Segment Open

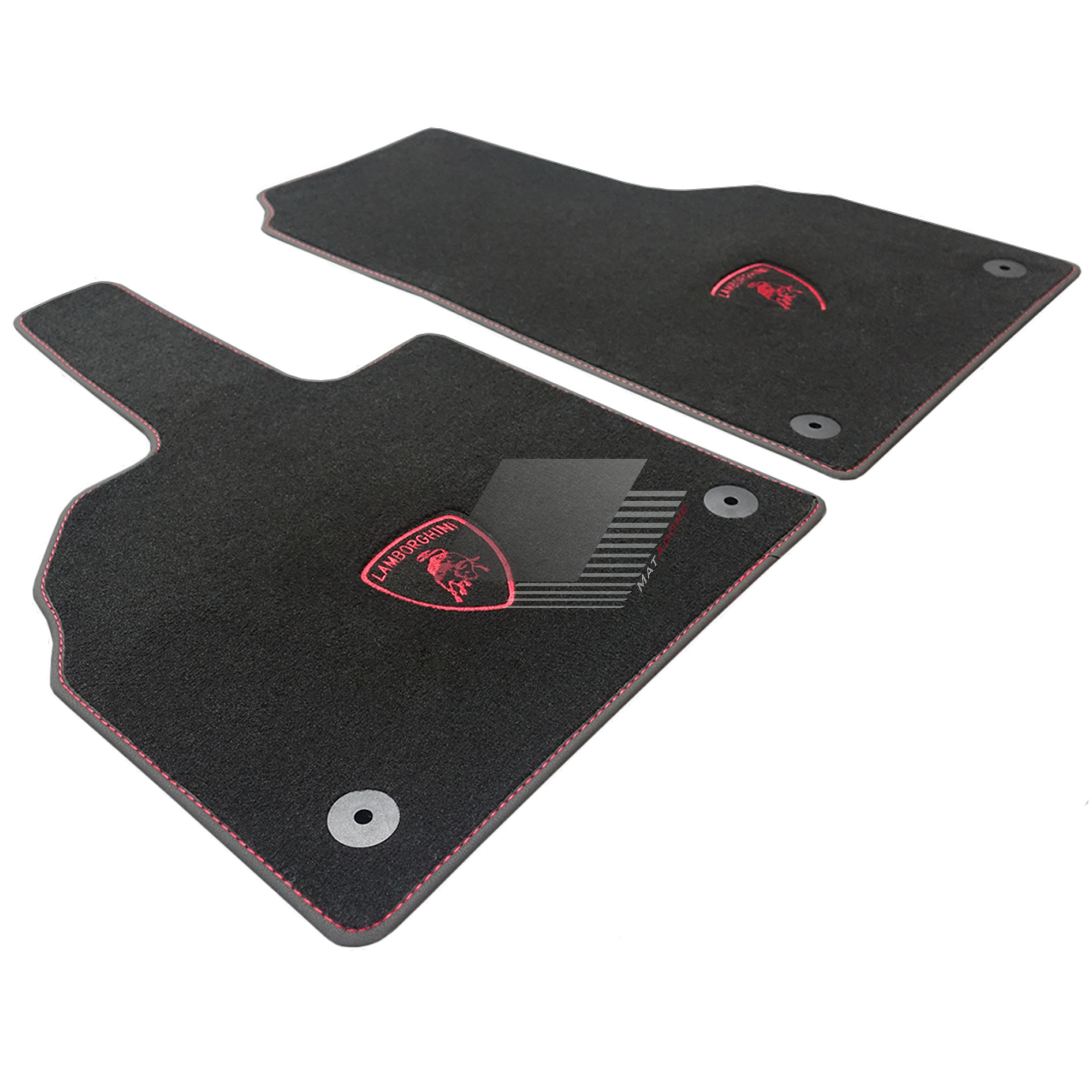 Lamborghini Aventador Floor Mats 2011 Onwards #LAMBO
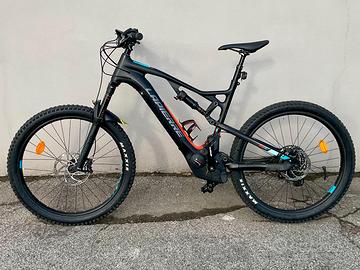 eBike  Lapierre Overvolt Carbon 800i BOSCH 500Wh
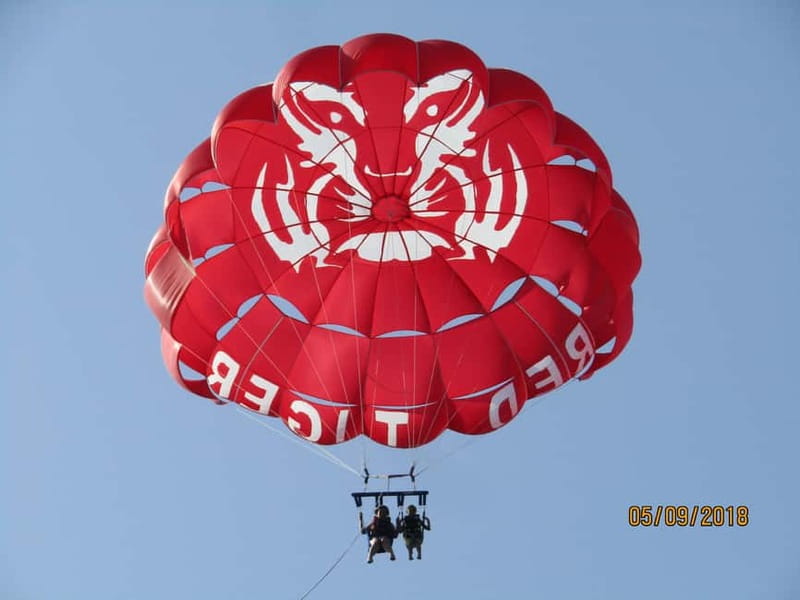 St. Julians: Go & Fun Parasailing with Free Photos & Videos - The boat ride: the part you’ll be glad you enjoy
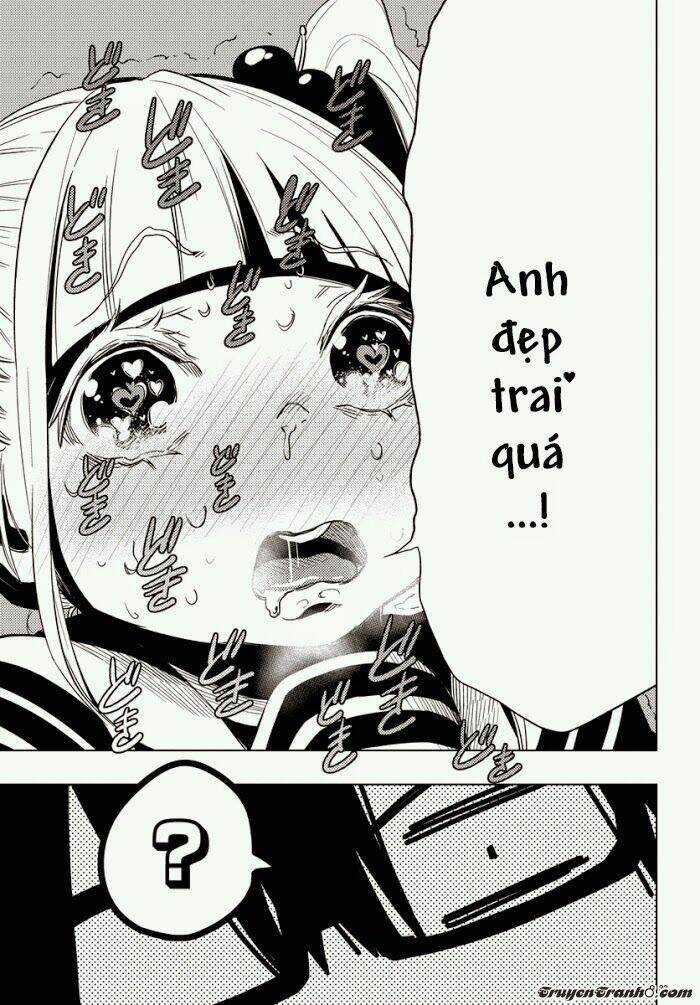 Mahou Shoujo Site Chapter 17 trang 33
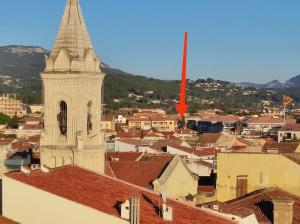 Lécrin de lArcadie - Sanary proche port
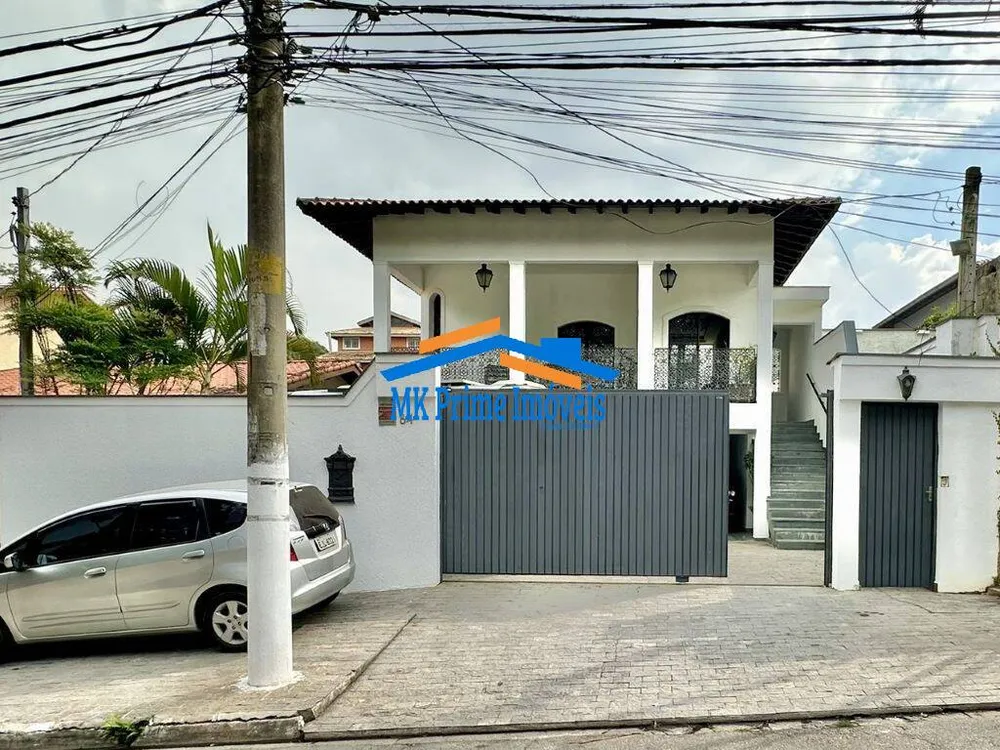 Sobrado, 4 quartos, 432 m² - Foto 5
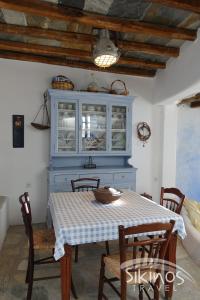Fotografie z fotogalerie ubytování Seaside Traditional Cycladic House v destinaci Síkinos + 26 fotografií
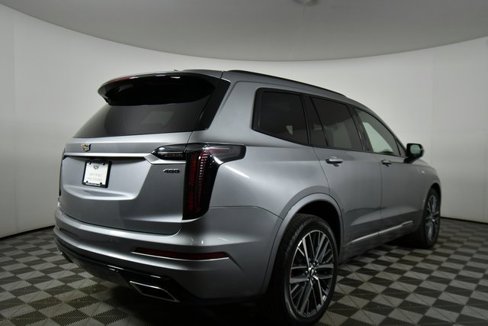 Certified 2023 Cadillac XT6 Sport image 19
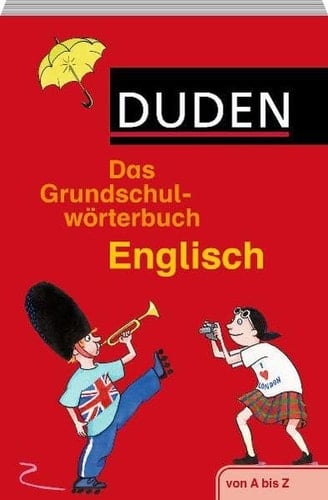 Das Grundschulwörterbuch Englisch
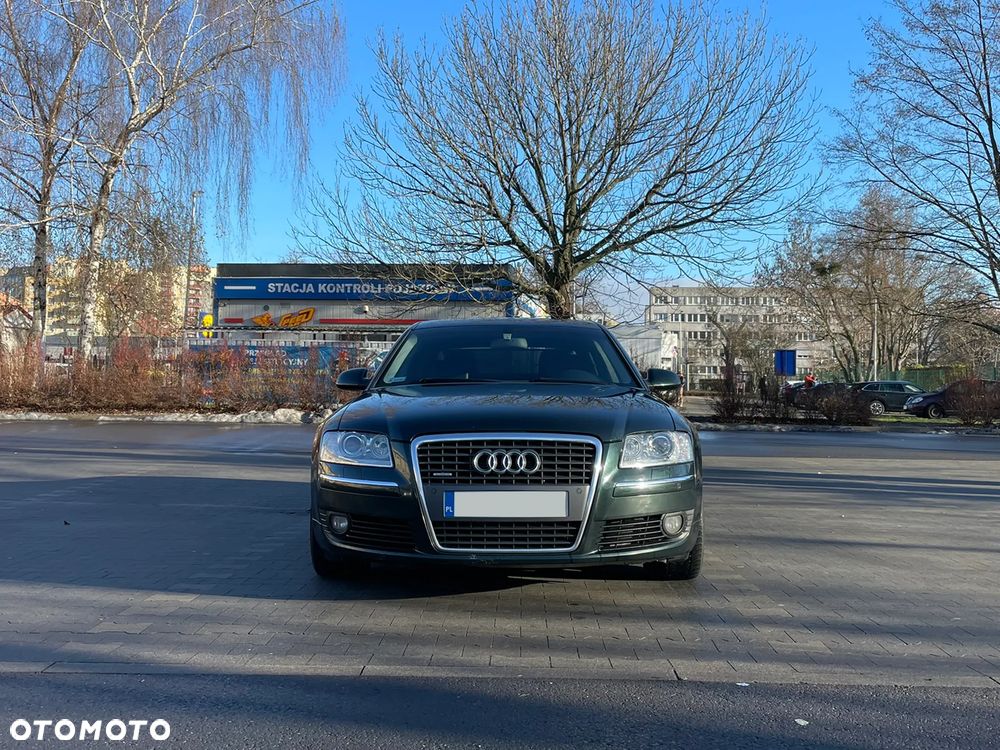 Audi A8 4.2 TDI DPF quattro Langversion - 3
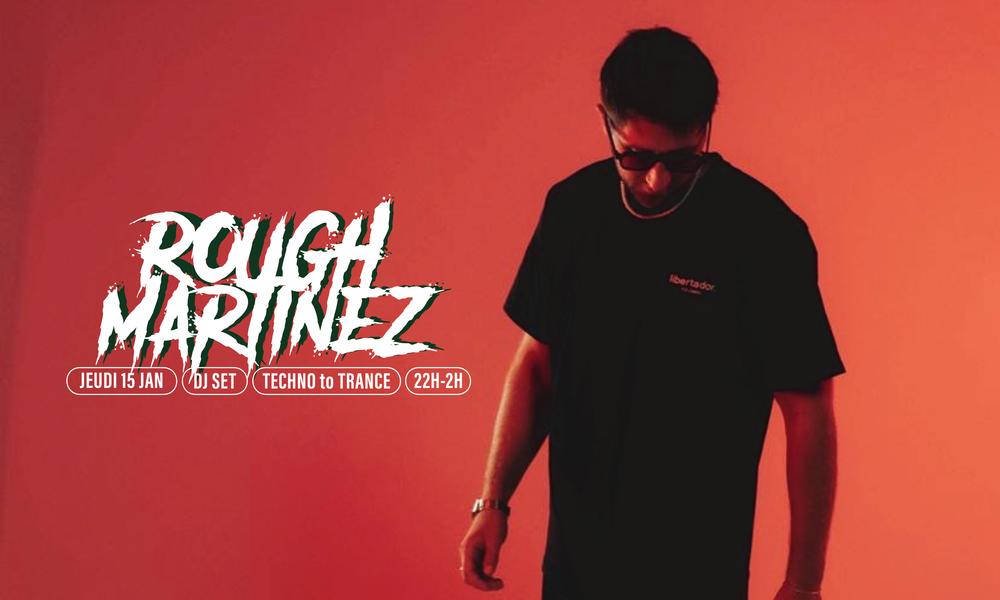 DJ SET • Rough Martinez_Les Gets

Segment Closed

> Aim of the task
Return exactly, with no pictures, each line from the one that contains "Das Grundschulwörterbuch Englisch" through the end of the entries above, both ends included.

> Your solution
 Das Grundschulwörterbuch Englisch
 Audi A8 4.2 TDI DPF quattro Langversion - 3
 DJ SET • Rough Martinez_Les Gets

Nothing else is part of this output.